『世界の家の窓から』 主婦の友社編
副題は「77か国201人の人生ストーリー」。
ベルギーのデュリオさんが立ち上げたサイト「VIEW FROM MY WINDOW」を
まとめた英語版書籍をベースに、日本で独自に編集したもの、ということです。
2020年から22年にかけて、世界中がロックダウンを行う中、
「自宅の窓からの風景を写した写真1枚に、
状況を説明するコメントを添えて投稿して、世界中の人々と共有する」
というシンプルな趣旨を掲げて開かれたサイト。
そこに世界100か国以上から312万人を超える人々が参加しているとのことです。
私は、この日本版が出版されて、その記念フォーラム?にデュリオさんが来日した、
というNHKのニュースを見てこの本を知りました。
本に掲載されているこいのぼりの写真を示して
「これを撮ったのが私です」と自己紹介した日本人女性に
デュリオさんが大喜びしていた様子が印象的でした。
早速書店に探しに行ったところ、
表紙の「窓からのぞくヤギ」(スウェーデン)がかわいらしくて、中身も見ずに即購入。
それからゆっくりじっくり読んでいました。
最後のページは「朝焼けを眺めるレトリバーの後ろ姿」(アメリカ)。
そのヤギからレトリバーまでの間に、世界中の眺めや暮らしや人生が詰まっていました。
個人的に好きなのは、「道いっぱいに走る自転車レースの選手たち」(イタリア)の
次の写真が「道いっぱいに歩く羊の群れ」(イタリア)だった並びの妙。
とは言え、どの写真も、都会の路地も砂埃舞う荒地も花であふれる庭も、心に残りました。
私が見たことのない風景の中でも、人々は、私と同じように暮らしている、と感じました。

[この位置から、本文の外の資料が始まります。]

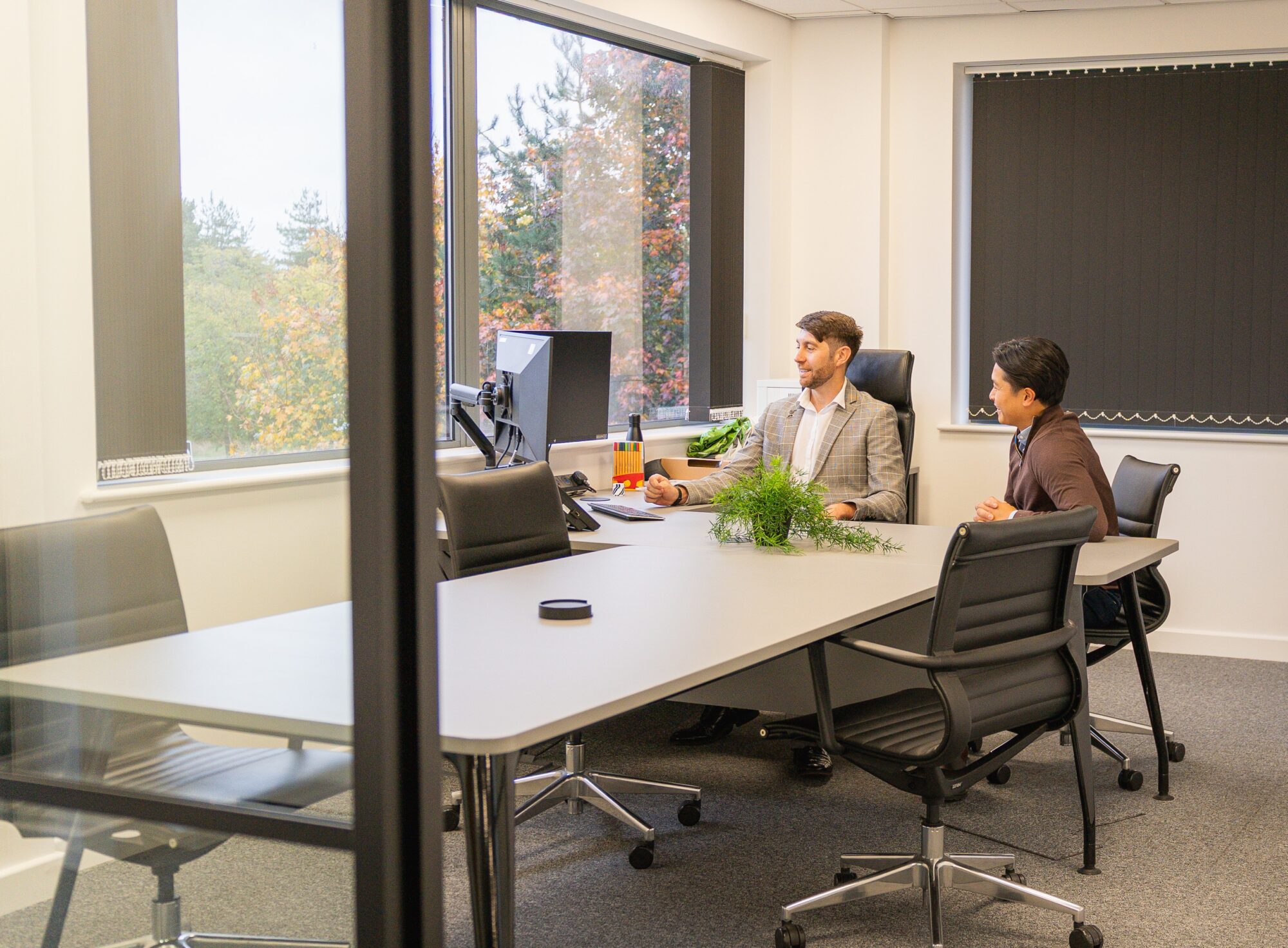 MBA_Oct25_27 flipped cropped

2020年に始まったパンデミックは、多くの混乱と分断を生みましたし、
私たちの社会が危ういバランスの上に建っていたことを実感させました。
その一方で、世界中が同じ状況にある連帯感もあったなと、今となっては思うのです。
もちろん恐ろしい苦労や悲しみが、今も続いていることを忘れてはならないのですが。